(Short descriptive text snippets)
★ ★ ★ ★ ★ ★ ★

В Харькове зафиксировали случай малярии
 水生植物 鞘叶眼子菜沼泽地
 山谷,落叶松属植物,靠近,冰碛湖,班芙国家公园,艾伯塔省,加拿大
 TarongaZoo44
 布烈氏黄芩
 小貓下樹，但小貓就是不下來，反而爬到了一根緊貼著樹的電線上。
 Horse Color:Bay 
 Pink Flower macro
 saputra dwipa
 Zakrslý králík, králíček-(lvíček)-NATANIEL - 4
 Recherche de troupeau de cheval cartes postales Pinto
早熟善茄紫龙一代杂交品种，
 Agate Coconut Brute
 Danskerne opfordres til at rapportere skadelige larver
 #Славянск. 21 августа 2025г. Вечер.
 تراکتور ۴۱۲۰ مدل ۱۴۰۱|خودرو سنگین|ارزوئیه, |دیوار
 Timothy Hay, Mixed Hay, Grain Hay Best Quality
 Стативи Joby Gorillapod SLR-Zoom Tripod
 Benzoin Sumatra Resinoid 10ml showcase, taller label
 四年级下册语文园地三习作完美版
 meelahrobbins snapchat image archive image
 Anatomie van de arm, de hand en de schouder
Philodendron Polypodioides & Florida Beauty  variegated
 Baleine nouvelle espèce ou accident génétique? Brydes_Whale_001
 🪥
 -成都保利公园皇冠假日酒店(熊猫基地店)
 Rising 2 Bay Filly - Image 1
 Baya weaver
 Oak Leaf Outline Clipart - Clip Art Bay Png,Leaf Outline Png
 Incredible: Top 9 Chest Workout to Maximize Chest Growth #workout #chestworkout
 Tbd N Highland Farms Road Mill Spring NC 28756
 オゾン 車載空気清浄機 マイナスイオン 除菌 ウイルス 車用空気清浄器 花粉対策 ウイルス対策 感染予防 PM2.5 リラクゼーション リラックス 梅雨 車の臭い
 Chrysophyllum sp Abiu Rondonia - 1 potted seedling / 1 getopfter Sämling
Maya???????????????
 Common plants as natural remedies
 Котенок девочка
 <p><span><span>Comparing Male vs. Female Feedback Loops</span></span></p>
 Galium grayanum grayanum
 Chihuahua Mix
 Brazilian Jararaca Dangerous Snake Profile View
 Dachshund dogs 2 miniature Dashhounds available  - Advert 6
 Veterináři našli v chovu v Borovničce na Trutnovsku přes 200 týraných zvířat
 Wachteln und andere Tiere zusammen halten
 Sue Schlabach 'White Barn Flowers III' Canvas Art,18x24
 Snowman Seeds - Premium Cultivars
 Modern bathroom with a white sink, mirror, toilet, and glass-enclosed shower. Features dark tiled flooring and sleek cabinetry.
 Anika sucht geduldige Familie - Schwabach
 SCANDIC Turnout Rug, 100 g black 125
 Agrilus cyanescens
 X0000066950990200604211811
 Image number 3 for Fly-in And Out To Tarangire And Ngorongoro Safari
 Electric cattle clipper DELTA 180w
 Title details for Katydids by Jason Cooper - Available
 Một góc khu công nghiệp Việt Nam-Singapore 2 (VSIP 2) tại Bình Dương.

★ ★ ★ ★ ★ ★ ★

Copy out the records once more. Match them exactly.

◆ ANSWER TO THIS EXERCISE
В Харькове зафиксировали случай малярии
 水生植物 鞘叶眼子菜沼泽地
 山谷,落叶松属植物,靠近,冰碛湖,班芙国家公园,艾伯塔省,加拿大
 TarongaZoo44
 布烈氏黄芩
 小貓下樹，但小貓就是不下來，反而爬到了一根緊貼著樹的電線上。
 Horse Color:Bay 
 Pink Flower macro
 saputra dwipa
 Zakrslý králík, králíček-(lvíček)-NATANIEL - 4
 Recherche de troupeau de cheval cartes postales Pinto
早熟善茄紫龙一代杂交品种，
 Agate Coconut Brute
 Danskerne opfordres til at rapportere skadelige larver
 #Славянск. 21 августа 2025г. Вечер.
 تراکتور ۴۱۲۰ مدل ۱۴۰۱|خودرو سنگین|ارزوئیه, |دیوار
 Timothy Hay, Mixed Hay, Grain Hay Best Quality
 Стативи Joby Gorillapod SLR-Zoom Tripod
 Benzoin Sumatra Resinoid 10ml showcase, taller label
 四年级下册语文园地三习作完美版
 meelahrobbins snapchat image archive image
 Anatomie van de arm, de hand en de schouder
Philodendron Polypodioides & Florida Beauty  variegated
 Baleine nouvelle espèce ou accident génétique? Brydes_Whale_001
 🪥
 -成都保利公园皇冠假日酒店(熊猫基地店)
 Rising 2 Bay Filly - Image 1
 Baya weaver
 Oak Leaf Outline Clipart - Clip Art Bay Png,Leaf Outline Png
 Incredible: Top 9 Chest Workout to Maximize Chest Growth #workout #chestworkout
 Tbd N Highland Farms Road Mill Spring NC 28756
 オゾン 車載空気清浄機 マイナスイオン 除菌 ウイルス 車用空気清浄器 花粉対策 ウイルス対策 感染予防 PM2.5 リラクゼーション リラックス 梅雨 車の臭い
 Chrysophyllum sp Abiu Rondonia - 1 potted seedling / 1 getopfter Sämling
Maya???????????????
 Common plants as natural remedies
 Котенок девочка
 <p><span><span>Comparing Male vs. Female Feedback Loops</span></span></p>
 Galium grayanum grayanum
 Chihuahua Mix
 Brazilian Jararaca Dangerous Snake Profile View
 Dachshund dogs 2 miniature Dashhounds available  - Advert 6
 Veterináři našli v chovu v Borovničce na Trutnovsku přes 200 týraných zvířat
 Wachteln und andere Tiere zusammen halten
 Sue Schlabach 'White Barn Flowers III' Canvas Art,18x24
 Snowman Seeds - Premium Cultivars
 Modern bathroom with a white sink, mirror, toilet, and glass-enclosed shower. Features dark tiled flooring and sleek cabinetry.
 Anika sucht geduldige Familie - Schwabach
 SCANDIC Turnout Rug, 100 g black 125
 Agrilus cyanescens
 X0000066950990200604211811
 Image number 3 for Fly-in And Out To Tarangire And Ngorongoro Safari
 Electric cattle clipper DELTA 180w
 Title details for Katydids by Jason Cooper - Available
 Một góc khu công nghiệp Việt Nam-Singapore 2 (VSIP 2) tại Bình Dương.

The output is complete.